INFORMATION SHOWN:
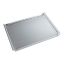 Picture of ALUMINIUM BAKING TRAY 480MM X 345MM X 8MM (COP3022)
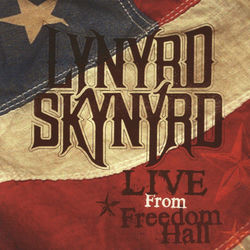کاور آهنگ The Needle and the Spoon از Lynyrd Skynyrd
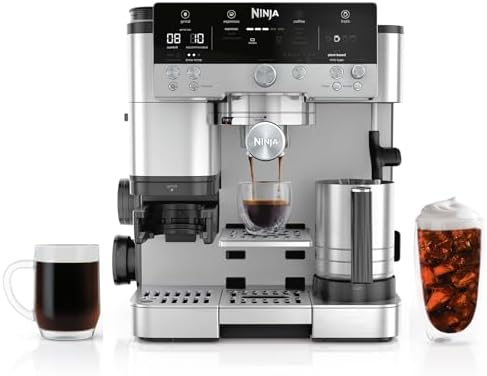 best espresso machine under 1000 in Portland, OR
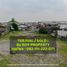  Land for sale in Tarumajaya, West Jawa, Tarumajaya, Bekasi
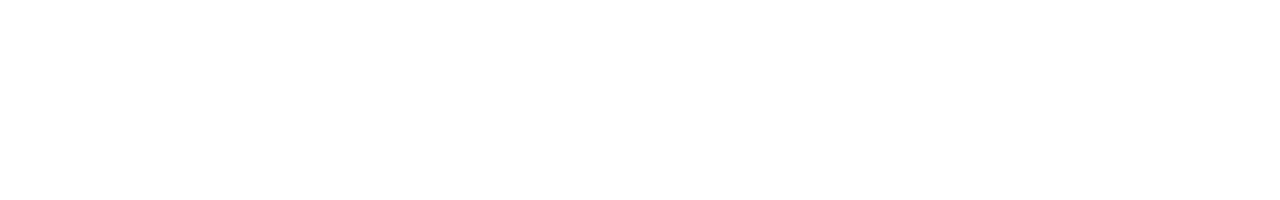 学童クラブ概要
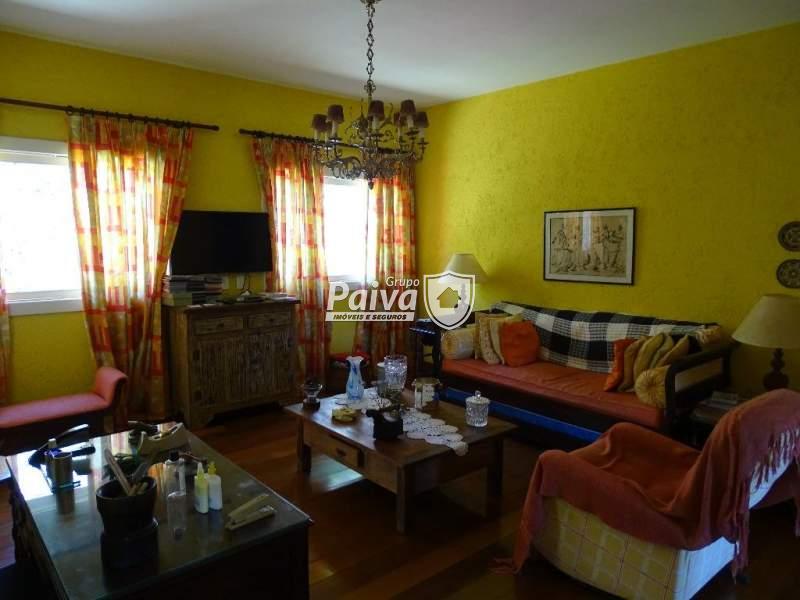 Casa à venda em Albuquerque, Teresópolis - RJ - Foto 24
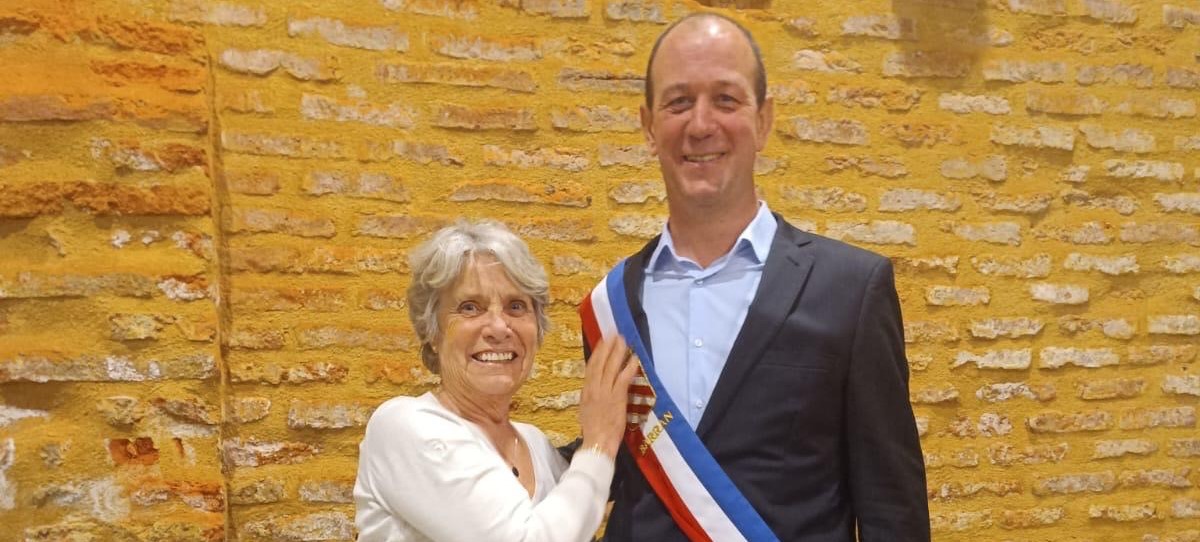 Nicole Joulié Emerick Dalla Barba  (1).JPG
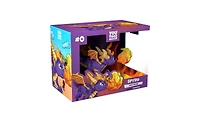 Youtooz: Spyro Collection
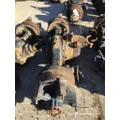 MERITOR-ROCKWELL SL100F AXLE ASSEMBLY, REAR (FRONT) thumbnail 4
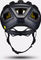 Specialized Casque Chamonix 3 MIPS - matte black/51 - 56 cm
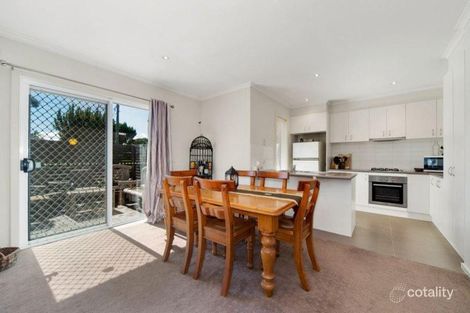 Property photo of 8/34 Coral Street Frankston VIC 3199
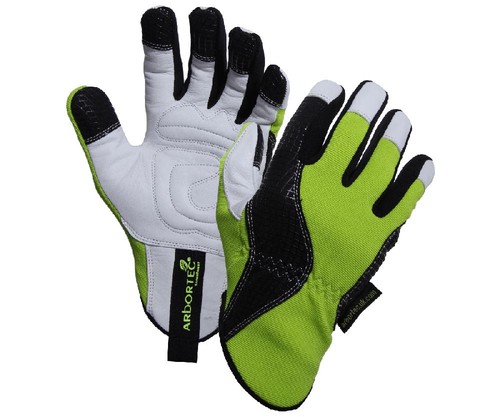 Arbortec ab300263 at1500 - ab300263,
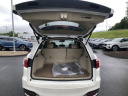 Thumbnail image of 2018 Acura RDX at Gengras Volvo North Haven New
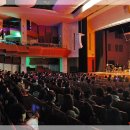 김수정 음악회 이미지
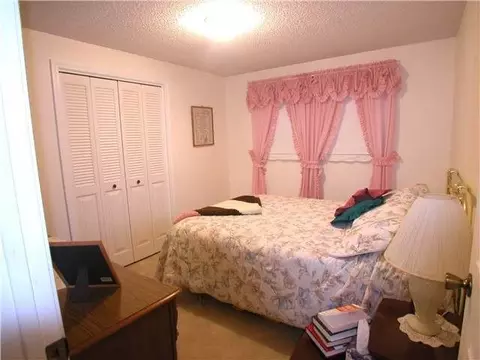 12412 E 27th, Spokane, WA 99216 photo 7
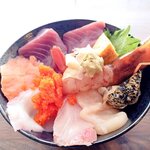 横山商店 - 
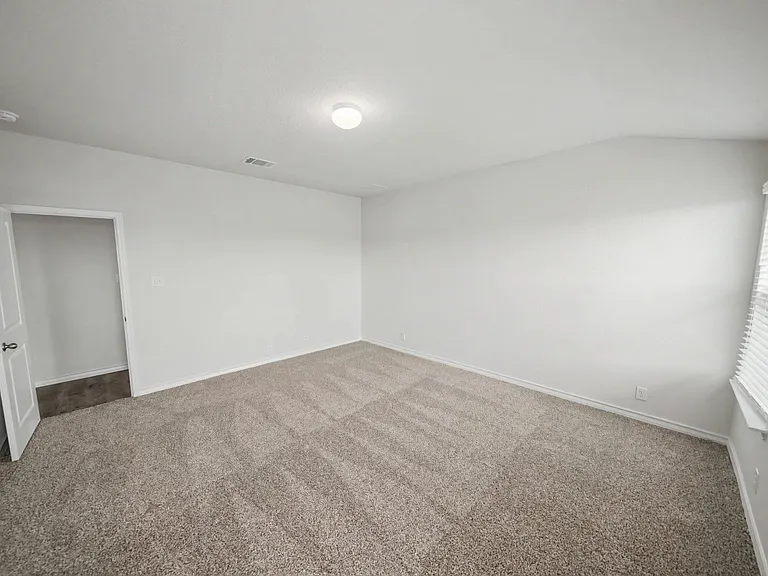 336 Great Raft — Photo 25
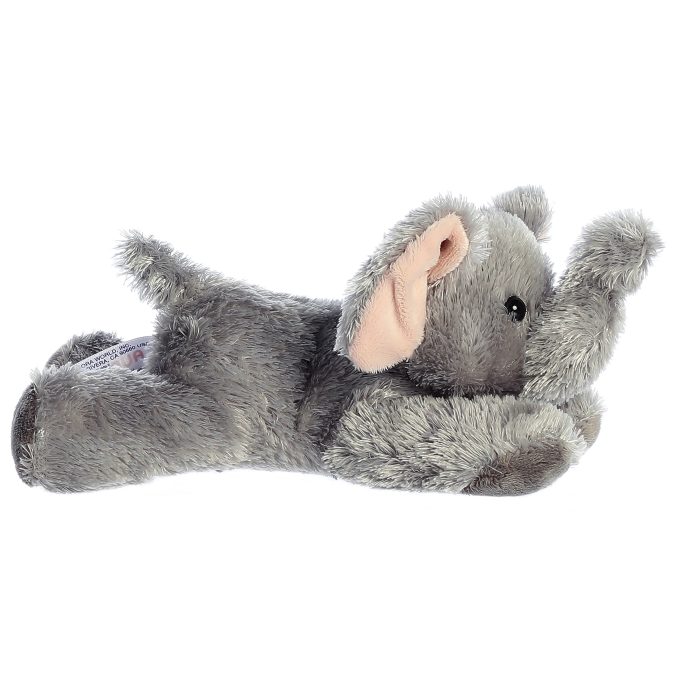 Aurora® - Mini Flopsie™ - 8" Ellie™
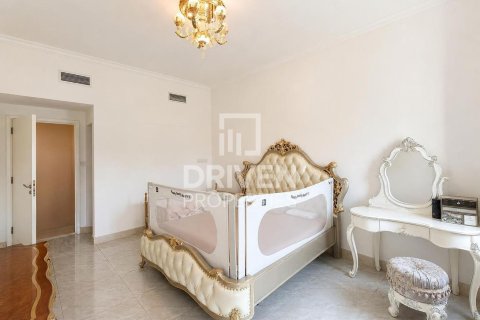Apartment sa Dubai Festival City, UAE 2 silid-tulugan, 152.83 sq.m. № 756672 - larawan 10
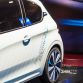 Peugeot 208 HYbrid Air 2L Concept (7)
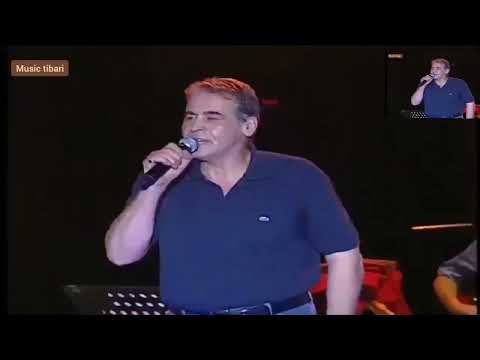 ميمون الوجدي يا لسمر يا زين لون أخر سهرة Mimoun Lwejdi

WHAT IS BEING ASKED: Set down again, exactly, the lines of the material above from its first line to the one with "Arbortec ab300263 at1500", inclusive. Leave the pictures out.

WORKED SOLUTION:
 Picture of ALUMINIUM BAKING TRAY 480MM X 345MM X 8MM (COP3022)
کاور آهنگ The Needle and the Spoon از Lynyrd Skynyrd
 best espresso machine under 1000 in Portland, OR
  Land for sale in Tarumajaya, West Jawa, Tarumajaya, Bekasi
 学童クラブ概要
 Casa à venda em Albuquerque, Teresópolis - RJ - Foto 24
 Nicole Joulié Emerick Dalla Barba  (1).JPG
 Youtooz: Spyro Collection
 MERITOR-ROCKWELL SL100F AXLE ASSEMBLY, REAR (FRONT) thumbnail 4
 Specialized Casque Chamonix 3 MIPS - matte black/51 - 56 cm
 Property photo of 8/34 Coral Street Frankston VIC 3199
 Arbortec ab300263 at1500 - ab300263,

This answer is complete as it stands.